The United States Department of Health and Human Services, as well as the US Food and Drug Administration, banned artificial food colorings last month. This led to food service companies scrambling to find alternatives to synthetic food dyes.
Stella’s Homemade Ice Cream in Murrells Inlet, South Carolina, recently announced it will be phasing out artificial food dyes and start using natural colorings, Fox News reports.
Owner Haley King told Fox the shop has been experimenting with blue spirulina, turmeric extract, and purple carrot juice to color its ice cream. One flavor, mint chocolate chip, has natural dyes, she said, which do not affect its taste.
If food makers are facing a shortage of allowable dyes, scientists have claimed the discovery of a new color.
Researchers at the University of California led by Prof. Ren Ng announced the discovery in the journal Science Advances on 18 April.
The article called the new color “olo,” which the discoverers described as “more saturated than any color that you can see in the real world,” BBC reports.
Unlike ordinary colors, however, olo cannot be seen by the naked eye.

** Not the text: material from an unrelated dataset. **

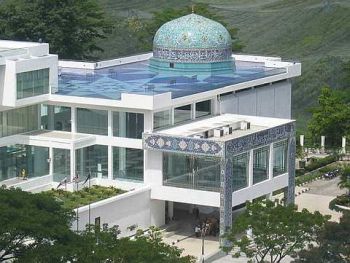 متحف الفنون الإسلامية في ماليزيا Islamic Arts Museum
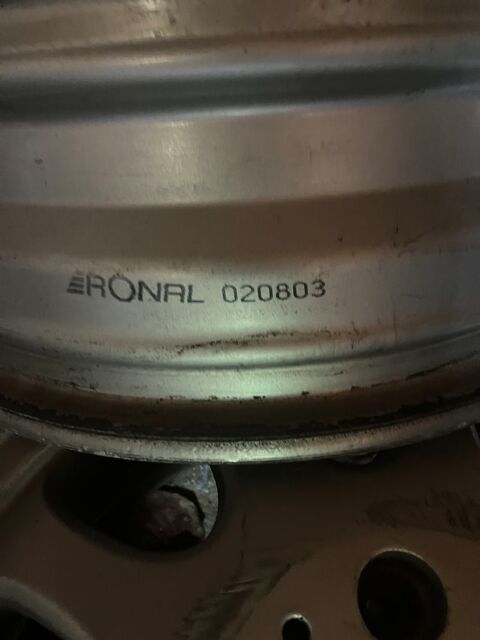 Pi&egrave;ces et &eacute;quipements Voiture Pi&egrave;ces et &eacute;quipements Voiture  occasion Gond-Pontouvre 16160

A device called Oz, which consists of mirrors, lasers and optical devices, was used in an experiment to detect the new color.
The Oz shone a laser beam into the pupil of one eye of each experiment participant. “The laser stimulated only the M cones in the retina, which in principle would send a color signal to the brain that never occurs in natural vision,” the paper said, according to BBC.
Each participant then verified the olo by adjusting a controllable color dial until it matched the new color — a saturated shade of blue-green, BBC said.
Ng and his team are considering using the method to help color blind people.